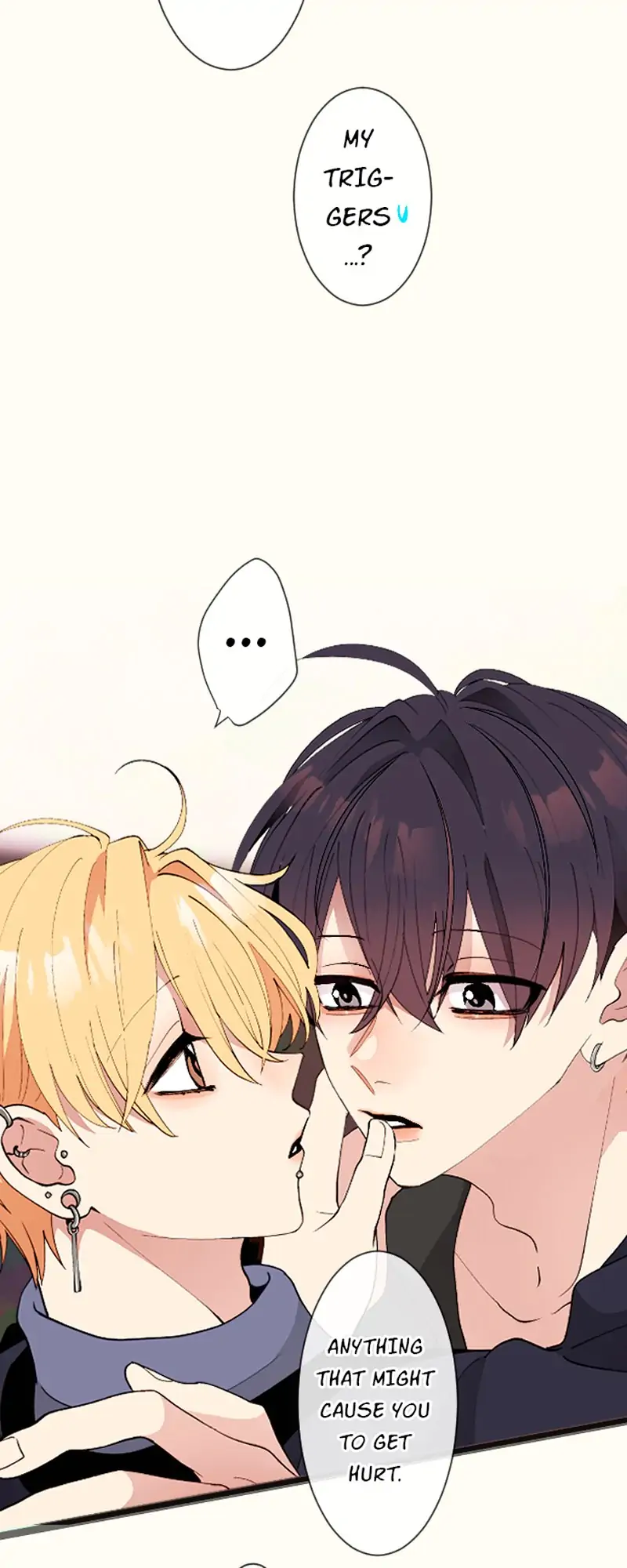 My Perverted Stalker [R18] - Chapter 70 manhwa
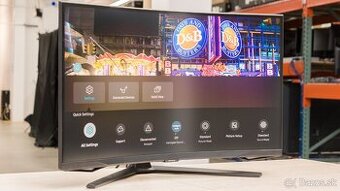 Samsung Odyssey G65B - 240Hz-  komplet balenie
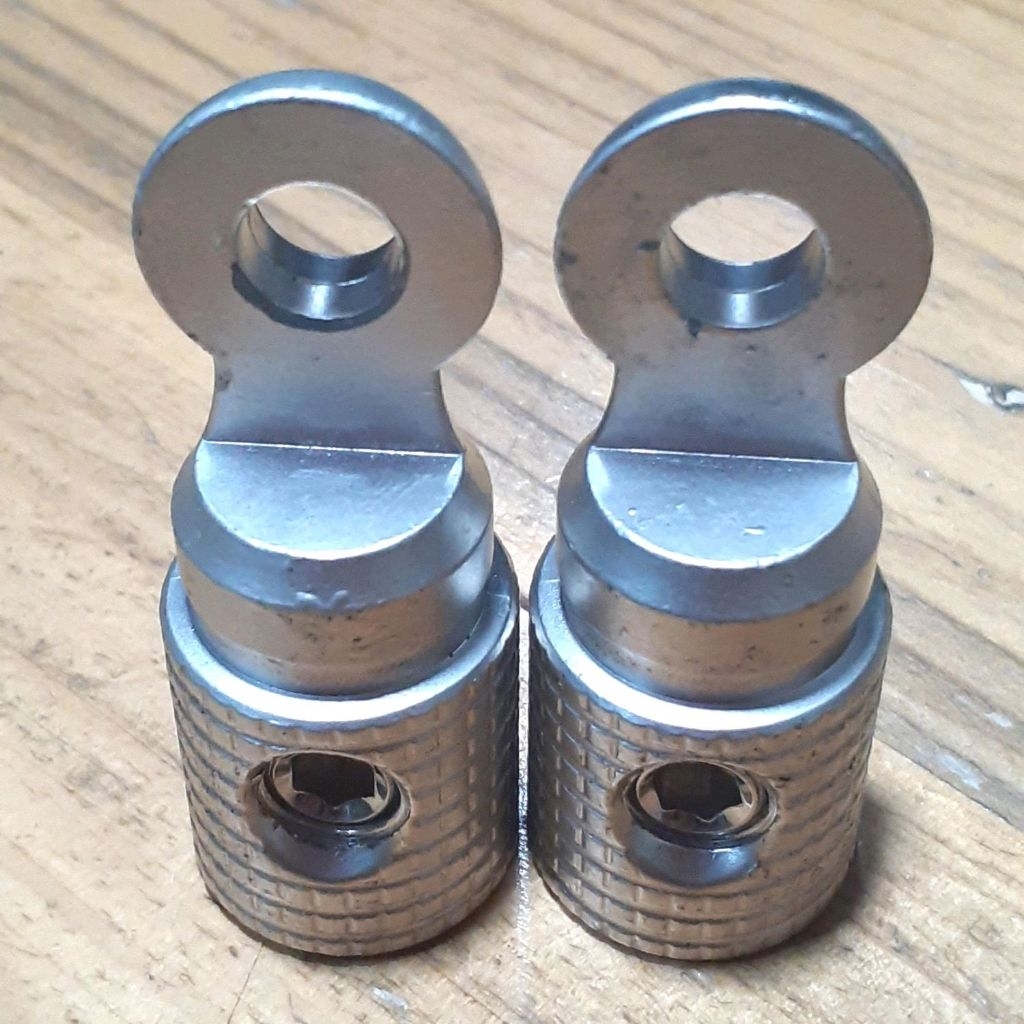 Skun Aki Mobil Non Magnetic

##############################

The answer must be an exact copy of the lines from the one with "Samsung Odyssey G65B" through the final line above, both ends included, and nothing else; pictures stay out.

OUTPUT FOR THIS TASK
 Samsung Odyssey G65B - 240Hz-  komplet balenie
 Skun Aki Mobil Non Magnetic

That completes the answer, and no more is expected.